Similarly, $$\frac{∂f}{∂y} = \lim_{k \rightarrow 0} \frac{f(x,y+k)-f(x,y)}{k} = f_y (x,y)$$
and $$\frac{∂}{∂x} \left (\frac{∂f}{∂y} \right ) = \lim_{h \rightarrow 0} \frac{f_y(x+h,y)-f_y(x,y)}{h} = \lim_{h \rightarrow 0} \left ( \frac{ \displaystyle \lim_{k \rightarrow 0} \frac{f(x+h,y+k)-f(x+h,y)}{k} - \displaystyle \lim_{k \rightarrow 0} \frac{f(x,y+k)-f(x,y)}{k}} {h} \right ) = f_{xy} (x,y)$$

Now if we use the fact that $$\lim_{\mu \rightarrow \sigma} (g(\mu)) ± \lim_{\mu \rightarrow \sigma} ((h(\mu)) = \lim_{\mu \rightarrow \sigma} (g(\mu) ± h(\mu))$$
then $$f_{yx} (x,y)= \lim_{k \rightarrow 0} \left ( \lim_{h \rightarrow 0} \left ( \frac{f(x+h,y+k)-f(x,y+k) - f(x+h,y) + f(x,y)}{hk} \right ) \right )$$ and $$f_{xy} (x,y) = \lim_{h \rightarrow 0} \left ( \lim_{k \rightarrow 0} \left ( \frac{f(x+h,y+k)-f(x+h,y) - f(x,y+k) + f(x,y)} {hk} \right ) \right )$$

I'm just one short step from establishing the symmetry here (since the expression in both cases is the same), but I'm stuck.
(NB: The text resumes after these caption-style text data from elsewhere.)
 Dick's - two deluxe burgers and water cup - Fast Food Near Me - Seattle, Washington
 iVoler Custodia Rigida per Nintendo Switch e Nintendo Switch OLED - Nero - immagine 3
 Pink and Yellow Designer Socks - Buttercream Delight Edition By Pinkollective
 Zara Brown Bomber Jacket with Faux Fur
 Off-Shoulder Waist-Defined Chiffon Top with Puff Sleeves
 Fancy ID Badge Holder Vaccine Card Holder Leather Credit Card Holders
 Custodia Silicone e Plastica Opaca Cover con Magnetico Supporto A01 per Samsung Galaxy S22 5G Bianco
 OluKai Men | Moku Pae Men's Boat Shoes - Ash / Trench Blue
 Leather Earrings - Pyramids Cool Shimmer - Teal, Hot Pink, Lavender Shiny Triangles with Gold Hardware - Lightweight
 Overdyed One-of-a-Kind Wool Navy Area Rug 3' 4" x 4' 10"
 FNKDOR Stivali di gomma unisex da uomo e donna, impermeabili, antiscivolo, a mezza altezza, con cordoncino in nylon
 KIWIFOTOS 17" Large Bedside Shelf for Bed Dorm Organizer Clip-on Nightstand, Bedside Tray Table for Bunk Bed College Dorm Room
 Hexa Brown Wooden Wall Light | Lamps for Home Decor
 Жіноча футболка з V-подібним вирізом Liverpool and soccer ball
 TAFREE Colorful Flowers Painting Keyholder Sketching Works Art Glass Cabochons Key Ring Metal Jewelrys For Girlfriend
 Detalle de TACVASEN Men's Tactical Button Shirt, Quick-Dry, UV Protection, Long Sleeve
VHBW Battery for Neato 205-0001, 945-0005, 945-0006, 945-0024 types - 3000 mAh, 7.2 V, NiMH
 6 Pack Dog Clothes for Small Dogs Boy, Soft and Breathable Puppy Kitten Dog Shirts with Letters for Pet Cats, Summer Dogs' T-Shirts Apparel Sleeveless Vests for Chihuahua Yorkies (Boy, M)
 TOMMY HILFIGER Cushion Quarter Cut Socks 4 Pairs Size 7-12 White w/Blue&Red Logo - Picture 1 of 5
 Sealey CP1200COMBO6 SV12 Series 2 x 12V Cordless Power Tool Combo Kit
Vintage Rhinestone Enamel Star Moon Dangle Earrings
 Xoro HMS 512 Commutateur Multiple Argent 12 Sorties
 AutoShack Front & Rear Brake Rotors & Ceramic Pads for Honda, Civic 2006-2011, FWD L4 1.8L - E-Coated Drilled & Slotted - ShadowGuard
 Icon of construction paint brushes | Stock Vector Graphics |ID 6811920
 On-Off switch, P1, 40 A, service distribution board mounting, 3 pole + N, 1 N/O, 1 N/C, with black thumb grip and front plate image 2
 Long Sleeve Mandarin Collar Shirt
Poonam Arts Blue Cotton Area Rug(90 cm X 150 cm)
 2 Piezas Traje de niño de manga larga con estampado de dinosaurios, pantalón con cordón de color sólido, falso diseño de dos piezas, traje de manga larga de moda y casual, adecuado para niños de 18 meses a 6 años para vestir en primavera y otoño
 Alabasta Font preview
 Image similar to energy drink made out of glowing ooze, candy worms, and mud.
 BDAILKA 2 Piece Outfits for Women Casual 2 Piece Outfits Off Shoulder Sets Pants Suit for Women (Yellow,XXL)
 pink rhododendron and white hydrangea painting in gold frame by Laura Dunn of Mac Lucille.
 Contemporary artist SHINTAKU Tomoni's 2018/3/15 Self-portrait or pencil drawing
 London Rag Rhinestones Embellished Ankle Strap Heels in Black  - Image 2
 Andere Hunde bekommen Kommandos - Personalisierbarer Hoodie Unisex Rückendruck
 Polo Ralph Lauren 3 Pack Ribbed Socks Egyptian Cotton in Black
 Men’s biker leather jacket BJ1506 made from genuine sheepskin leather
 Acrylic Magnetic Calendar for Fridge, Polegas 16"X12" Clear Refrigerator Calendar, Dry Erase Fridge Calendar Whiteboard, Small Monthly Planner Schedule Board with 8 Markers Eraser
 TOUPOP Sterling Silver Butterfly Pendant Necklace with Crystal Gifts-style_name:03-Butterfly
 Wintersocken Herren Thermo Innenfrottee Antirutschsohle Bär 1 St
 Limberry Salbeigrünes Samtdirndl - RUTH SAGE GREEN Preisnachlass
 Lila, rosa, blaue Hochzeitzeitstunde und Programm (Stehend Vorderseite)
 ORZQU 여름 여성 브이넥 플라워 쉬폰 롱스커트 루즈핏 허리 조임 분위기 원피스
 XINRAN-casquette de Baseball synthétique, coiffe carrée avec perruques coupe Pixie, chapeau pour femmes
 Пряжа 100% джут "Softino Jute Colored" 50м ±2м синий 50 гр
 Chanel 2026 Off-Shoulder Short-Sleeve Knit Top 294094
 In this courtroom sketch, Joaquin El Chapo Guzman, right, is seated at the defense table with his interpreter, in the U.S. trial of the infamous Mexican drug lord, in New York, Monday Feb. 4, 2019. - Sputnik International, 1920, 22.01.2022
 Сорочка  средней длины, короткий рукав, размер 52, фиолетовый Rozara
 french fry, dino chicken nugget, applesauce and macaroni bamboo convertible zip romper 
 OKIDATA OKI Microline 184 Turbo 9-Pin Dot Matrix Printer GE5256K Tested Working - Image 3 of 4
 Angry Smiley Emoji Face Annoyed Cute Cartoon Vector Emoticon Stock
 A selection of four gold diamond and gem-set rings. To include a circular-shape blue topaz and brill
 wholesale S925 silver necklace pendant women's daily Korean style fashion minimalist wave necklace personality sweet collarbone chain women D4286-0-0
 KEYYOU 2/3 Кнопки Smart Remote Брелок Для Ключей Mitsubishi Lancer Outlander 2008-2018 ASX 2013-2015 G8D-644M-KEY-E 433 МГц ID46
How do I justify interchanging the order of the limits? I don't think the answers obtained by applying the limits in a different order should in general commute.

Additionally, it is quite easy to see from above that this proof will be valid only if all the mentioned partial derivatives are defined (namely $f_x(x,y)$,$f_y(x,y)$, $f_{xy}(x,y)$ and $f_{yx} (x,y)$ ), which is one of the required conditions for $f_{xy} (x,y)$ to be equal to $f_{yx} (x,y)$. However, I can't find a justification for the other necessary condition - that the functions must be continuous.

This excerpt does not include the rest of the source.